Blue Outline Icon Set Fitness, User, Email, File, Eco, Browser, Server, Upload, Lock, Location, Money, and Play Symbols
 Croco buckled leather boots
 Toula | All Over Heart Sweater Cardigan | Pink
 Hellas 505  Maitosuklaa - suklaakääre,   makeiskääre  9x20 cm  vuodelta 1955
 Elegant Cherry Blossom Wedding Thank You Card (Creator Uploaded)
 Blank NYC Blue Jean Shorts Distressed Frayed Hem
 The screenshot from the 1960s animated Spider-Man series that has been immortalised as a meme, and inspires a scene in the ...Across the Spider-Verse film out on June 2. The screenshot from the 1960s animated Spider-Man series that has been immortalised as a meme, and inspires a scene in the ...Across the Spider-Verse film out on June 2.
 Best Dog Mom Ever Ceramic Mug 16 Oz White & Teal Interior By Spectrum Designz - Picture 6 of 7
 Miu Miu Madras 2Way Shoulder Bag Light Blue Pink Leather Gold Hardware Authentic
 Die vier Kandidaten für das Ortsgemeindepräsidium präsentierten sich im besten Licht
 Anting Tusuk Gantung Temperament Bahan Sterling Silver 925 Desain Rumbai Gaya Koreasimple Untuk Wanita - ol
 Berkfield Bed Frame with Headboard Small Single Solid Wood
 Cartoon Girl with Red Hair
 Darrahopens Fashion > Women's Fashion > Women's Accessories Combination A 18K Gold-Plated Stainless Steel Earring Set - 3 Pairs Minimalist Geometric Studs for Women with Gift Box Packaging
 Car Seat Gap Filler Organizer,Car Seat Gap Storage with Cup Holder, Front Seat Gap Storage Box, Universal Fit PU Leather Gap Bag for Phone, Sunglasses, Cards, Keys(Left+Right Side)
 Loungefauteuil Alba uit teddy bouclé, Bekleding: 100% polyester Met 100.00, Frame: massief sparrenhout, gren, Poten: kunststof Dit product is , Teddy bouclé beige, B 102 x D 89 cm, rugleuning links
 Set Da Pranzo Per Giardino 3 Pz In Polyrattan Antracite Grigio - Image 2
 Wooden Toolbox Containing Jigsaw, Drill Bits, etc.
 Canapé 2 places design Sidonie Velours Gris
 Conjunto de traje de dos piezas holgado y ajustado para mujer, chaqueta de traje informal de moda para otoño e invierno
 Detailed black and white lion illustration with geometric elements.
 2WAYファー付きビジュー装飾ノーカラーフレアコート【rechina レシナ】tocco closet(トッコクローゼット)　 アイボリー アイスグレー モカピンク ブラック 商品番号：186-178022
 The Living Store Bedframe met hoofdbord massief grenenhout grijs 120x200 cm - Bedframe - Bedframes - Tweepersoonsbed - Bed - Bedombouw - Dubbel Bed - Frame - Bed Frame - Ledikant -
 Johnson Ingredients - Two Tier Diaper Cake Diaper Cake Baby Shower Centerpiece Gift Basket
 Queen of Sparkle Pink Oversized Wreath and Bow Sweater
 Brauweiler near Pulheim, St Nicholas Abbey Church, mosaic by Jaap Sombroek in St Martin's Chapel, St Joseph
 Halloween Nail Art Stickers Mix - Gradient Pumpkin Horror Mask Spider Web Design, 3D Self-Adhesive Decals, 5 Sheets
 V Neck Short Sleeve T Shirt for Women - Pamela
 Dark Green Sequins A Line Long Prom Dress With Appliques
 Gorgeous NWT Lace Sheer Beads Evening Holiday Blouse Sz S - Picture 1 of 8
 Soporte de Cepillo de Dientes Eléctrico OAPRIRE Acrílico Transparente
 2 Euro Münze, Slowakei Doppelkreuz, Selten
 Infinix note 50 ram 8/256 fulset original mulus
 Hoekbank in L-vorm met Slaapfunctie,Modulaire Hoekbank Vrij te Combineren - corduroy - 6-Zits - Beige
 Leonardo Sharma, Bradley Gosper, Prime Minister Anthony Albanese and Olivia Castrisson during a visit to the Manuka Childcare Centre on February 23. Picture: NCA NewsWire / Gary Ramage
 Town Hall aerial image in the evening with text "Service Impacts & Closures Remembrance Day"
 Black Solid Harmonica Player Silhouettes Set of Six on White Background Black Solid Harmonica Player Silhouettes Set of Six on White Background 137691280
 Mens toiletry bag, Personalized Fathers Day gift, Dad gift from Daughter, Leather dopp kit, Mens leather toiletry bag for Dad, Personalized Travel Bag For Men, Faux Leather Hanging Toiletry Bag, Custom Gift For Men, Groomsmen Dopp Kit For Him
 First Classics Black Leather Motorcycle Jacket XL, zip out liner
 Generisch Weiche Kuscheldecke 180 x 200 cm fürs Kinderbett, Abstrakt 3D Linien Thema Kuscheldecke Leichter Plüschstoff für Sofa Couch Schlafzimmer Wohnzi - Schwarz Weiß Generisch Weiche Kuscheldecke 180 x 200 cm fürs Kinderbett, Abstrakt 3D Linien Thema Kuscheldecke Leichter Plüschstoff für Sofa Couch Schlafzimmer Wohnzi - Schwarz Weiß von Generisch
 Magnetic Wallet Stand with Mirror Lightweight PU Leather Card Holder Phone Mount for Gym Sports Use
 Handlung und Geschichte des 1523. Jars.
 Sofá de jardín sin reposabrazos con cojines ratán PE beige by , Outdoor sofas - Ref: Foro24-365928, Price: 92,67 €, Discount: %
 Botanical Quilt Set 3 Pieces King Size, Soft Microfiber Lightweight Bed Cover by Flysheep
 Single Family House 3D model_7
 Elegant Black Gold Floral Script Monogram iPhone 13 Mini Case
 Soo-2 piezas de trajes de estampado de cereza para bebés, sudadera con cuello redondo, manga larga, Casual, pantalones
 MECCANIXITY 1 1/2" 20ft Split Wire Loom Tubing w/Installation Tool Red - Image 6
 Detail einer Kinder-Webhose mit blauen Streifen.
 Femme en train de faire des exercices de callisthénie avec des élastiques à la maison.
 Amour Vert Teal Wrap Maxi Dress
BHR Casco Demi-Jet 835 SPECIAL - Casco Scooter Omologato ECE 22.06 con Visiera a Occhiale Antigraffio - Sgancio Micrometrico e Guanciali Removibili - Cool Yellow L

**Task instructions**
Repeat the material word for word from its opening line up to and including the line containing "Blank NYC Blue".

**Result of the task**
Blue Outline Icon Set Fitness, User, Email, File, Eco, Browser, Server, Upload, Lock, Location, Money, and Play Symbols
 Croco buckled leather boots
 Toula | All Over Heart Sweater Cardigan | Pink
 Hellas 505  Maitosuklaa - suklaakääre,   makeiskääre  9x20 cm  vuodelta 1955
 Elegant Cherry Blossom Wedding Thank You Card (Creator Uploaded)
 Blank NYC Blue Jean Shorts Distressed Frayed Hem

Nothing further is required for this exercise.